Schon ist halb Europa, schon ist zumindest der halbe Osten Europas auf dem Wege zum Chaos, fährt betrunken im heiligem Wahn am Abgrund entlang und singt dazu, singt betrunken und hymnisch wie Dmitri Karamasoff sang. Ueber diese Lieder lacht der Bürger beleidigt, der Heilige und Seher hört sie mit Tränen.

[Already half of Europe, already at least half of Eastern Europe, on the way to Chaos, drives drunk in sacred infatuation along the edge of the precipice, sings drunkenly, as though hymn singing, as Dmitri Karamazov [in Dostoyevski's Brothers Karamazov] sang. The offended bourgeois laughs at the songs; the saint and the seer hear them with tears.

—Infoplease Editors]

[45] French version of “cock-a-doodle-doo(Infoplease Editors)

[46] Datta, dayadhvam, damyata” (Give, sympathize, control). The fable of the meaning of the Thunder is found in the Brihadaranyaka-Upanishad, 5, 1. A translation is found in Deussen's Sechzig Upanishads des Veda, p. 489.

[The Hindu fable referred to is that of gods, men, and demons each in turn asking of their father Prajapati, “Speak to us, O Lord.” To each he replied with the one syllable “DA,” and each group interpreted it in a different way: “Datta,” to give alms; “Dayadhvam,” to have compassion; “Damyata,” to practice self-control. The fable concludes, “This is what the divine voice, the Thunder, repeats when he says: DA, DA, DA: ‘Control yourselves; give alms; be compassionate.’ Therefore one should practice these three things: self-control, alms-giving, and compassion.(Infoplease Editors)]

[47] Cf.

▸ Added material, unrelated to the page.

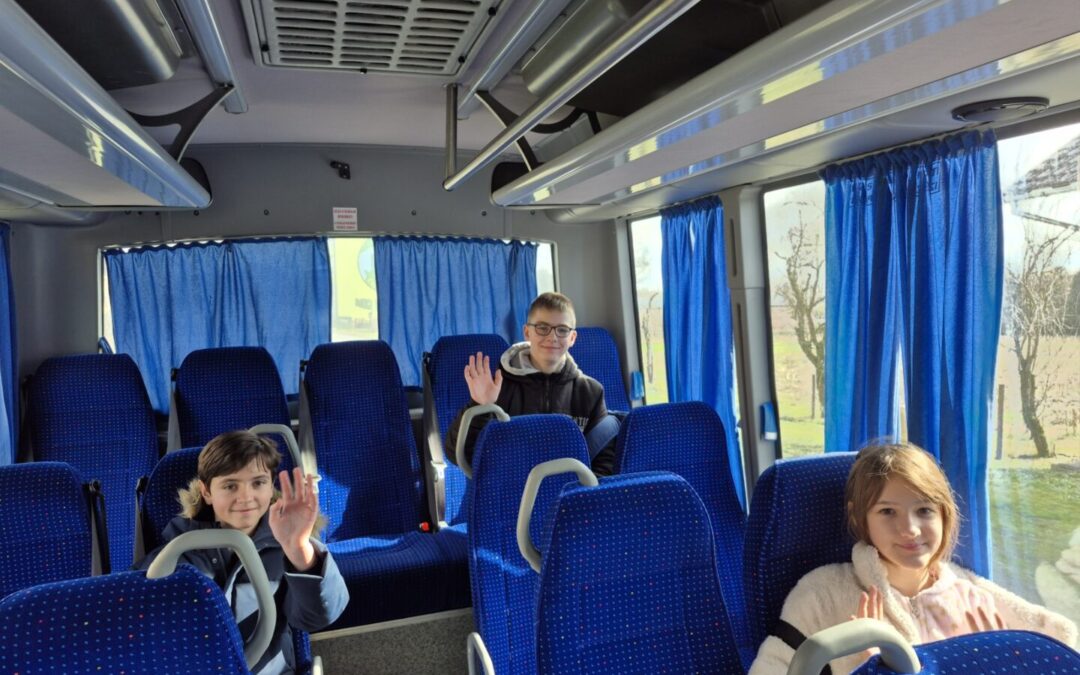 Županijska razina natjecanja iz Informatike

Webster, The White Devil, v. vi:

…they'll remarry
Ere the worm pierce your winding-sheet, ere the spider
Make a thin curtain for your epitaphs.

[48] Cf. Inferno, xxxiii. 46:

ed io sentii chiavar l'uscio di sotto all'orribile torre.

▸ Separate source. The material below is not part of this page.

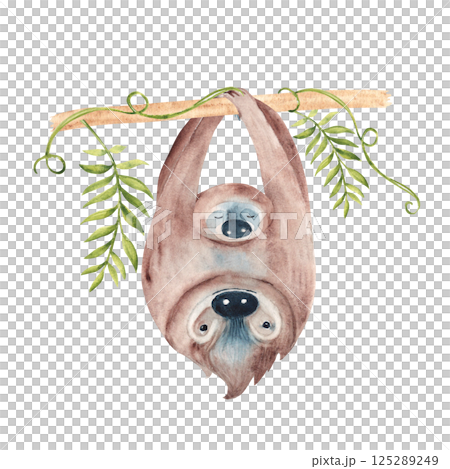 Sloth Family. Baby and father sloth hanging on Liana branch with tropical leaves. Happy Fathers day. Watercolor painting of cute wild animals isolated on white background. For kids cards and posters Sloth Family. Baby and father sloth hanging on Liana branch with tropical leaves. Happy Fathers day. Watercolor painting of cute wild animals isolated on white background. For kids cards and posters 125289249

Also F. H. Bradley, Appearance and Reality, p. 346:

My external sensations are no less private to myself than are my thoughts or my feelings. In either case my experience falls within my own circle, a circle closed on the outside; and, with all its elements alike, every sphere is opaque to the others which surround it. … In brief, regarded as an existence which appears in a soul, the whole world for each is peculiar and private to that soul.

[49] aetherial→aethereal

[50] V. Weston, From Ritual to Romance; chapter on the Fisher King.

[51] V. Purgatorio, xxvi. 148.

“Ara vos prec per aquella valor
que vos guida al som de l'escalina,
sovegna vos a temps de ma dolor.”
Poi s'ascose nel foco che gli affina.

[52] ceu→uti (Editor)

[53] When shall I be as the swallow? (Infoplease Editors)

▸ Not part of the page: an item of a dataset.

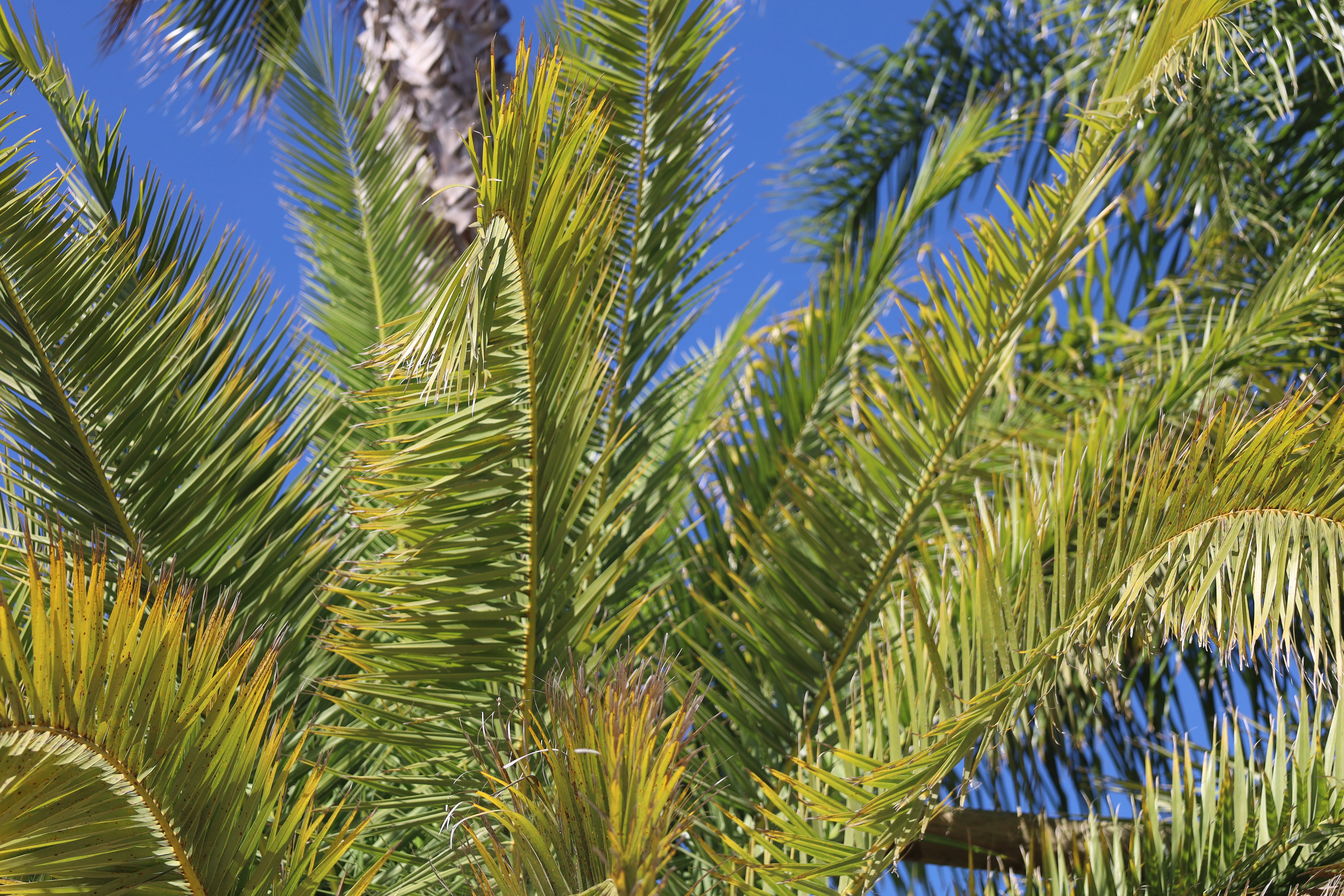 Phoenix canariensis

V. Pervigilium Veneris. Cf. Philomela in Parts II and III.

[54] The Prince of Aquitaine to the ruined tower (Infoplease Editors)

V. Gerard de Nerval, Sonnet El Desdichado.

[55] V. Kyd's Spanish Tragedy.

[56] Shantih. Repeated as here, a formal ending to an Upanishad. 'The Peace which passeth understanding' is a feeble translation of the content of this word.